This is something you definitely want to avoid.  That's one of the main purposes of a dynamic site, though, giving the client a user-friendly means of controlling the content and updating the site as needed.  Let the developer know that if you need them next month, they messed up.


"That's partly why I was hoping to use some 'off-the-shelf' components that I could learn to use myself, and make minor adjustments when necessary, at least for some parts of the site. Am I SOL, or is some compromise available?"

If there were a single solution for all of your requirements, then it would be somewhat easier.  The problem is that your requirements are sufficiently advanced and specific that there is no one-stop answer.  Patching together and integrating a group of single-purpose entities still requires considerable knowledge of HTML, a scripting language and a database.  Some are notoriously difficult to install, even to web dev professionals.  Frankly, creating something from scratch is often easier.  

For example, when I first started including CMS functions in the sites I was developing, I reasearched and tried several open source CMS options, but ultimately each site has its own needs and starting with a blank slate is simpler than trying to make significant customizations to someone else's code.
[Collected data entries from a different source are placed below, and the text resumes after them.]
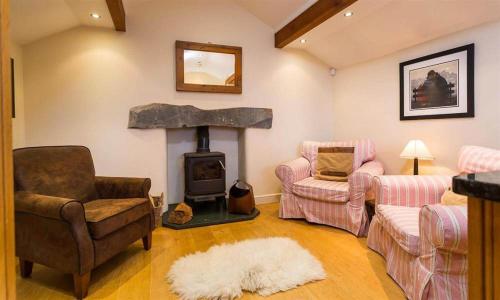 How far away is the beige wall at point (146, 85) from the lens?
275 centimetres

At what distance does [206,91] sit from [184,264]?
2.15 m

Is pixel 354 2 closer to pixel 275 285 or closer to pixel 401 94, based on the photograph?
pixel 401 94

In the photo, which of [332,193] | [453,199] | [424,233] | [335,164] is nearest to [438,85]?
[335,164]

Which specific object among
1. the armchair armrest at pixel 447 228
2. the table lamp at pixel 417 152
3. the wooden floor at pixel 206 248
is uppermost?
the table lamp at pixel 417 152

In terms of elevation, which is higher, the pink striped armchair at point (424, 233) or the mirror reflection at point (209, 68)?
the mirror reflection at point (209, 68)

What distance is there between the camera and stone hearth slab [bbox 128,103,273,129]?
2.97m

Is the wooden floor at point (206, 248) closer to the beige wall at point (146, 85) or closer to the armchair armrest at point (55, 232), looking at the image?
the armchair armrest at point (55, 232)

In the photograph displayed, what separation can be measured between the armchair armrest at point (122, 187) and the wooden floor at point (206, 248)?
51 cm

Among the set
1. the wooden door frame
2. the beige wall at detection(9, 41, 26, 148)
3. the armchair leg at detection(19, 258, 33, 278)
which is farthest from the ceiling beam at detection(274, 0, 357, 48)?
the armchair leg at detection(19, 258, 33, 278)

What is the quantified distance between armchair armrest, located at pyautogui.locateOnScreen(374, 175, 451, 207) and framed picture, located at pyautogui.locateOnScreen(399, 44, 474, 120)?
0.88 metres

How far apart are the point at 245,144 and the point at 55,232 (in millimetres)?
2324

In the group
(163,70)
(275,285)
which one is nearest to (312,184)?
(275,285)

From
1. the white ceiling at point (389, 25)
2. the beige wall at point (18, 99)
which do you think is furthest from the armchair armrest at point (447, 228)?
the beige wall at point (18, 99)

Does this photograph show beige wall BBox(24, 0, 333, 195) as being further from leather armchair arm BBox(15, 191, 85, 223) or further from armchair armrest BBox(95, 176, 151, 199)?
leather armchair arm BBox(15, 191, 85, 223)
Nevertheless, I think your overall plan inherently requires some third-party elements to be integrated.  It's simply a matter that the best choice is entirely dependent on the structure of the whole.  By that, I mean it's about balance.  If you pick the 'best' server platform and the 'best' scripting language and the 'best' CMS and the 'best' database, etc. there is no guarantee that they can work together.  If your answers to the above are Linux/Apache, ASP.NET, Mambo, and MS SQL, then you have a problem.  For each element, the right choice is the one that best works with the other elements.
PJ_SAuthor Commented:
OK, thanks for the feedback, I appreciate your perspective. A few final questions, if you don't mind. Since I have no frame of reference, could you give me a "ball-park" figure for what I should expect to pay for someone to build this kind of project? And how long it should take? Would I be better off hiring a contract programmer, or going to a web design firm? Again, I'd really like a ASP.NET/SQL Server solution so that I at least have some familiarity with the technology.

We've been ripped off in the past and I'm trying not to let it happen again! Thanks.
humeniukCommented:
I can understand why you would want to stick with ASP.NET/SQL.

You're likely better off with a a web design firm as this project may require more than one person (ie. a designer and a programmer, for example).  Individually, most of us are either capable at doing many things or very good at doing one thing.  The steps to choosing the right company and not getting ripped off: provide detailed requirements, check references and portfolio thoroughly, monitor progress, and pray.

In terms of cost, that's very hard to estimate.  A couple of years ago, another designer and I put together detailed specs for a big e-comm site and submitted it to a number of design firms (anonymously) to get quotations.  The range was $12k to $115k.  So, I'm tempted to say "between $12k and $115k", but if forced to narrow it down further, I would say that the right people will cost between half and all of your $50k budget.

Also, since this is only my opinion, I'd be more comfortable if there were other opinions being given here :)   It might be a good idea to keep this question open and post a pointer in the Web Dev topic area asking for additional feedback.